Des élections qui se font avec comme thème central la politique de migration. Le phénomène étant devenu explosif et prégnant, les propagandes occidentales, notamment les journaux publics furent lancés par les gouvernements (comme en France), dans la diffusion de fausses informations et de mensonges, annonçant en 2015 la baisse des arrivants et cherchant à mentir sur le flot constant et en augmentation des arrivées (ou encore Christine Lagarde « appelant les pays riches à accueillir plus de migrants », 2015). Si les chiffres annuels peuvent encore être connus, la loi interdit par exemple de faire des statistiques sur les origines ethniques des Français… interdisant ainsi une vue globale du résultat en un demi-siècle (loi datant de 1978). Même en prenant une moyenne basse de 200 000 arrivées par an (chiffre donné par l’INSEE, pour chaque année depuis 2004), le flot représenterait donc 10 millions d’arrivées pour la France et depuis 1975. Toutefois, avec des données anglo-saxonnes récentes (2025), la population de la France compterait 68,6 millions d’habitants, et seulement 62,5 % de natifs (42,8 millions). Le reste de la population serait composée de 7 % d’Algériens (4,8 millions), 6 ,8 % d’Italiens (4,6 millions), 5,3 % d’Espagnols (3,6 millions), 5 % de métis franco-africains, 3 % de Marocains (2,05 millions), 2,7 % de Portugais (1,85 million), 2,3 % de Tunisiens (1,57 million), 1,6 % de Polonais (1,09 million), 1,6 % de Turcs, 1 % d’Allemands, 0,9 % de Chinois, 0,8 % d’Arméniens, et 0,7 % de Vietnamiens, en plus d’autres communautés (notamment d’Afrique). Sur ces bases, la population française deviendrait minoritaire au maximum dans deux ou trois décennies, ceci expliquant que le débat est l’un des plus importants dans l’Hexagone durant les grandes élections nationales en France et en Europe.
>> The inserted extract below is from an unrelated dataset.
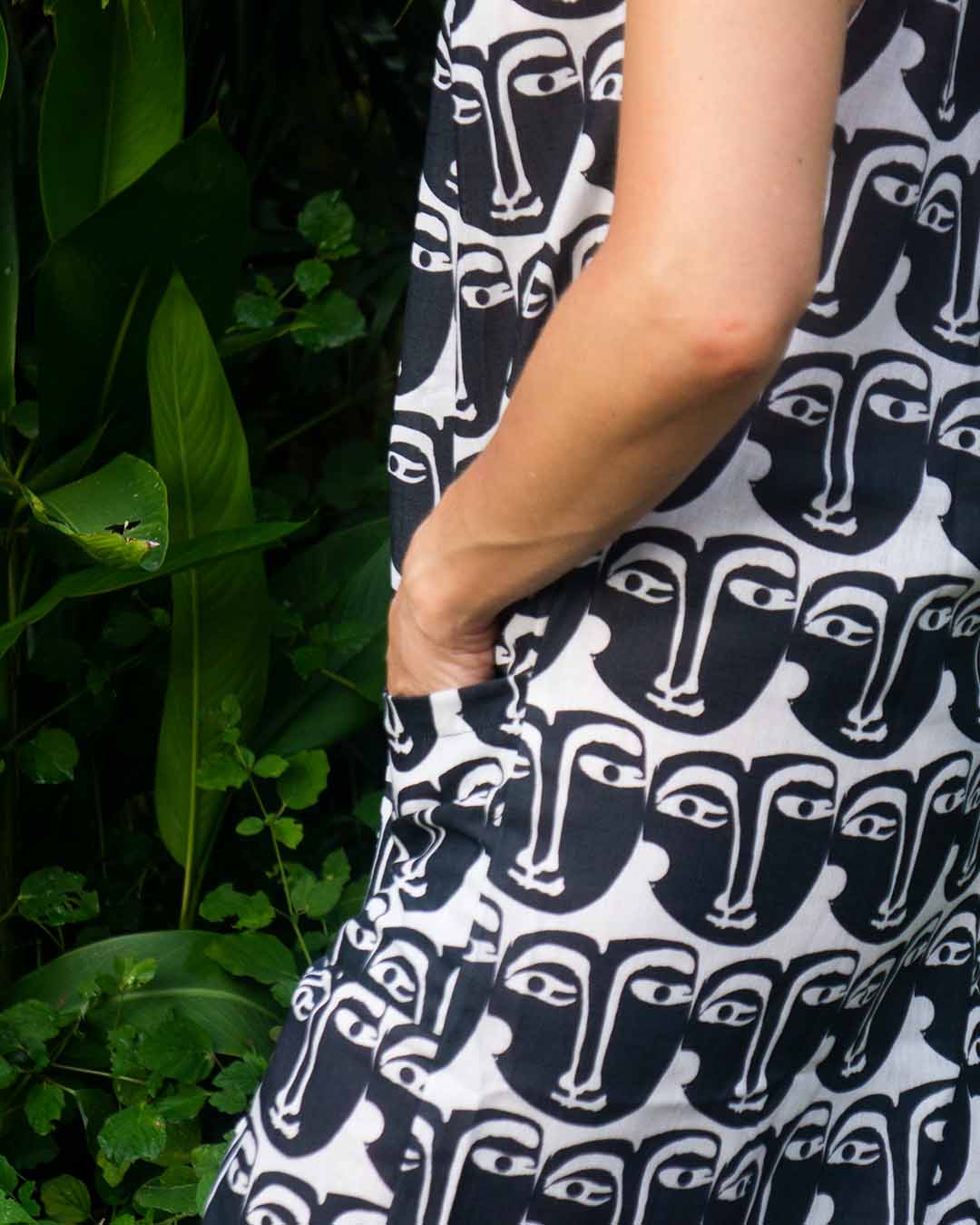 Jumpsuit Caritas de Escama – Enterizo Artesanal de Lino | Hecho por Mujeres en Colombia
Dans les pays voisins, quelle est la situation réelle ? Au Royaume-Uni, les élections de l’an dernier ont été gagnées par le Parti travailliste sur le thème justement de la migration de masse, et des promesses de régulations sévères. Le Premier ministre Starmer avait même annoncé l’assignation de millions de livres sterling « à la protection des frontières pour lutter contre les migrants illégaux ». Le pays comptant 68,3 millions d’habitants (2023), comprenait encore 76,8 % de Britanniques ou d’Irlandais, grâce à sa position privilégiée d’île, plus difficile d’accès. L’Allemagne, avec 83,4 millions d’habitants (2024), comprenait 74 % d’Allemands et de grosses communautés turque, russe ou polonaise. L’Italie avec 58,9 millions d’habitants (2024), comprenait 91 % de natifs. L’Espagne avec 49,9 millions d’habitants (2025), comprenait 80,8 % de natifs. La Belgique avec 11,7 millions d’habitants (2024), comprenait 71,6 % de natifs. Les Pays-Bas avec 17,8 millions d’habitants comprenaient 74,7 % de natifs. Enfin le Luxembourg, avec 672 000 habitants ne comprenait plus que 52,7 % de natifs. Mais le phénomène ne se limite pas évidemment à l’Occident, selon des chiffres récents, les 15 pays qui accueilleraient le plus de migrants dans le monde sont : 1) les USA (46,6 millions de migrants), 2) la Russie (13 millions), l’Allemagne (9,9 millions), l’Arabie Saoudite (9,4 millions, 31,4 % de la population), 5) les Émirats Arabes Unis (88,4 % de la population est constituée de migrants), 6) le Royaume-Uni (7,8 millions de migrants), 7) la France (7,35 millions), 8) le Canada (7,3 millions, 20,7 % de la population), 9) l’Australie (6,5 millions, 27,7 % de la population), 10) l’Espagne (6,48 millions), 11) l’Italie (5,7 millions), 12) l’Inde (5,3 millions), 13) l’Ukraine (5,1 millions), 14) le Pakistan (4,08 millions), et enfin la Chine (3,98 millions).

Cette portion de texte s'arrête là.